A_x is an element from [A_min, A_max]
B_x, C_x, etc… elements from [B/C_min, B/C_max]

I was thinking to try and use a distance formula to try and find the distance between P_x1 and P_x2.

Distance(P_x1, P_x2) = sqrt( [a_dose(x2, t) - a_dose(x1, t)]^2 + [ am_dose(x2, t) - am_dose(x1, t)]^2 + …

If I run all of the settings using a sine/cosine function, then I want a normalized general function that can give me the “distance” between two sine/cosine functions at time “t”. This could look like

norm_dist_a (x1, x2, t) = [ a_dose(x2, t) - a_dose(x1, t) ] ^ 2 / [ a_dose_max - a_dose_min ] ^ 2
norm_dist_am (x1, x2, t) = [ am_dose(x2, t) - am_dose(x1, t) ] ^ 2 / [ am_dose_max - am_dose_min ] ^ 2
norm_dist_temp (x1, x2, t) = [ temp(x2, t) - temp(x1, t) ] ^ 2 / [ temp_max - temp_min ] ^ 2

Then, the distance between P_x1 and P_x2 at time t is:

Distance(P_x1, P_x2, t) = sqrt( norm_dist_a(x1, x2, t) + norm_distance_am(x1, x2, t) + norm_distance_temp(x1, x2, t) )
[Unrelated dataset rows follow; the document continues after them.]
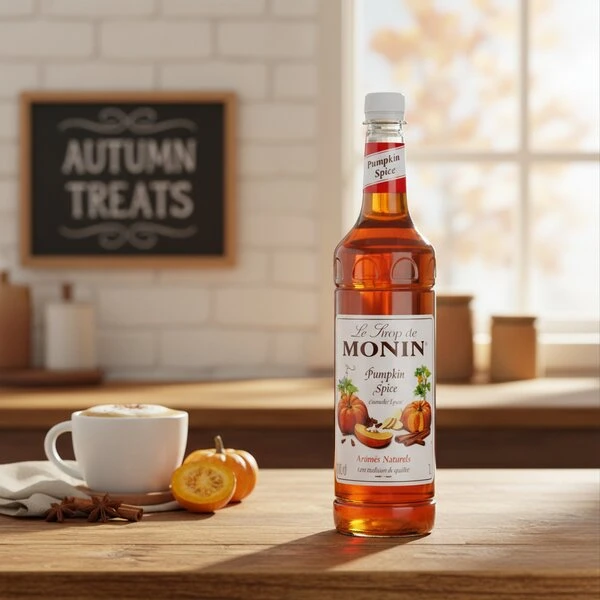 Monin Sirup Pumpkin Spice PET 100 66668 by MONIN color Svart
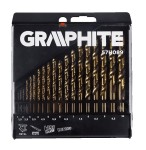 GRAPHITE 57H089 Wiertła do metalu HSS-Co 1.0-10.0 mm, zestaw 19 szt.
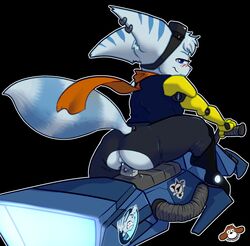 1girls animal_genitalia biker biker_girl dildo dildo_in_pussy dildo_penetration dildo_saddle dildo_sitting female hi_res lombax machine mammal penetration ratchet_and_clank reyn_goldfur riding rift_apart_lombax rivet_(ratchet_and_clank) sex_machine sex_toy solo vaginal_penetration video_games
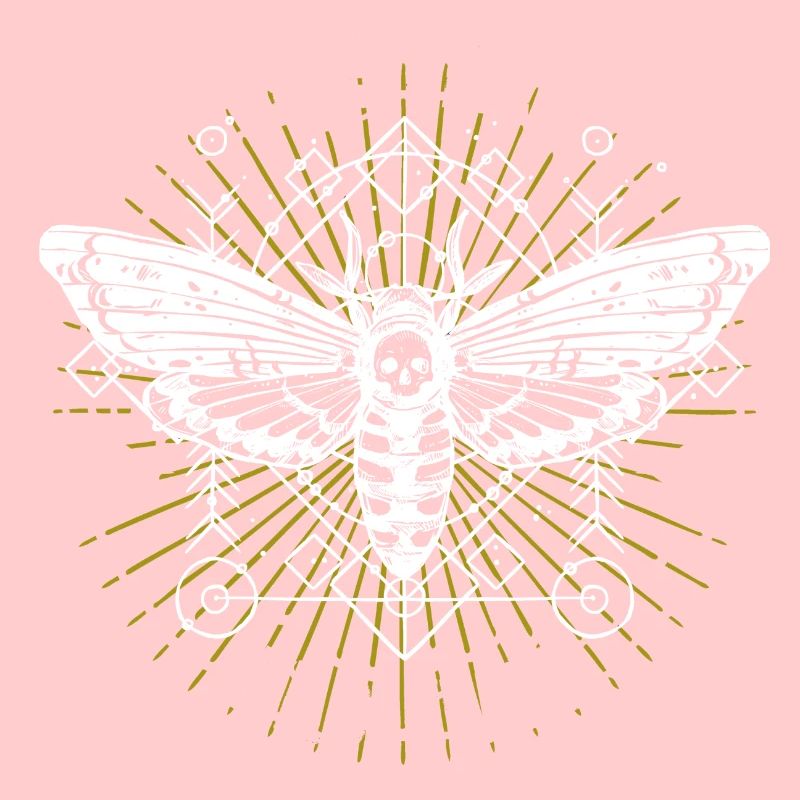 Motte Motten Moth Mondphasen Gothic Geschenkidee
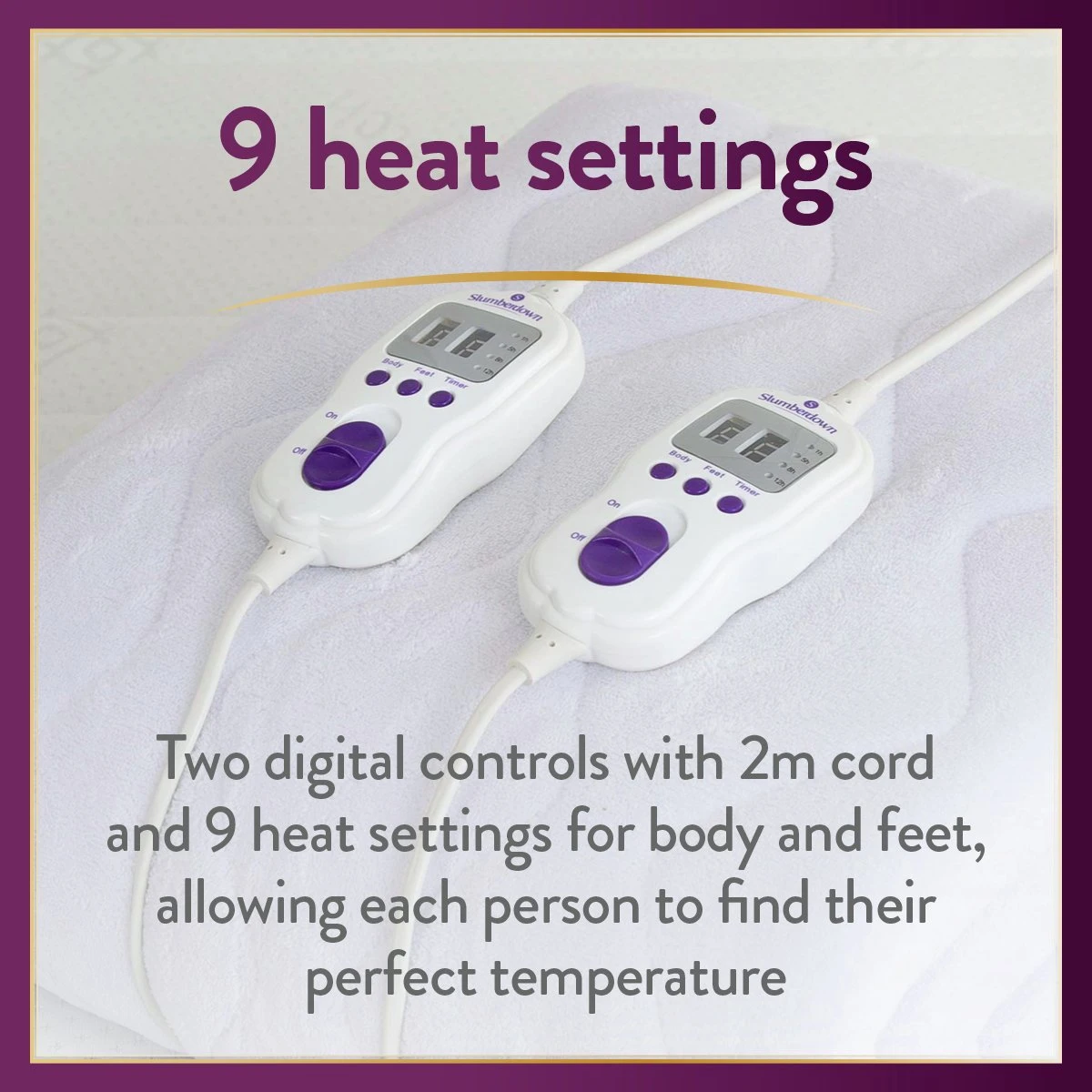 Slumberdown Perfeclty Warm Luxury Electric Blanket-Superking - Image 3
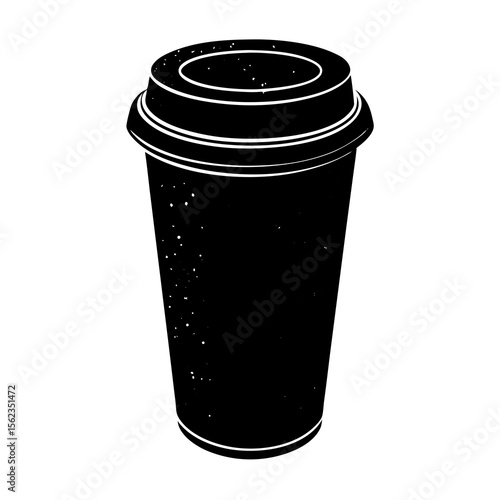 coffee cup isolated on white background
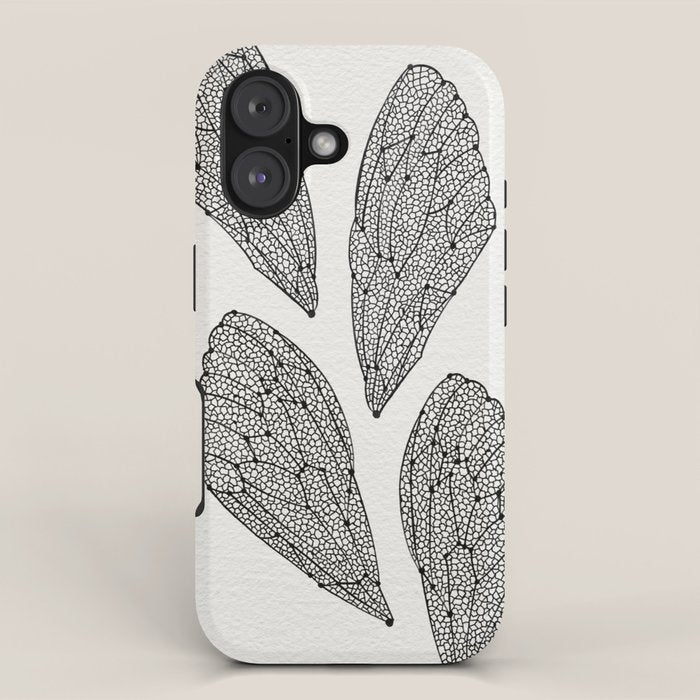 Black Cicada Wings iPhone Case Gallery Image 1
Using this, you can calculate a distance between two pioreactor environments at time t, but is there a way to extend this concept of a “distance” over a period of time, 24 hours for example. I’m not too familiar with statistics, but this seems like an applicable approach to see and quantify the distribution of distances between X1 and X2 over a 24 hour period.

What are your thoughts?

I’ve been thinking of this over the weekend, and I have a few thoughts, some of which may be useful to you:

  • given a culture with constant growth rate, a turbidostat and a chemostat look identical if we are only comparing their input / output. So under some constructed distance functions, they are identical. Does this feel correct? I’m not sure.
    • If we also compare the cultures OD time series, then they are now longer identical. Maybe this motivates putting the culture OD time series as an input.
    • An interesting approach is an algorithmic one: given a dosing function, you can write it out as an algorithm (like what I’ve done here, but more formally). You could compare the distance between two automations to be equal to a string-based distance metric applied to two input algorithms. This solves the turbidostat /chemostat distinction above, too.
  • Based on your approach, the L2 distance metric you propose is fine. However, you are working with time series, and there are lots of measures between two time series that can be applied. A simple one is a cross-correlation between two time series. I think this can be massaged into a proper distance function, too.

I don’t have a complete answer at this time, but this is an interesting open question!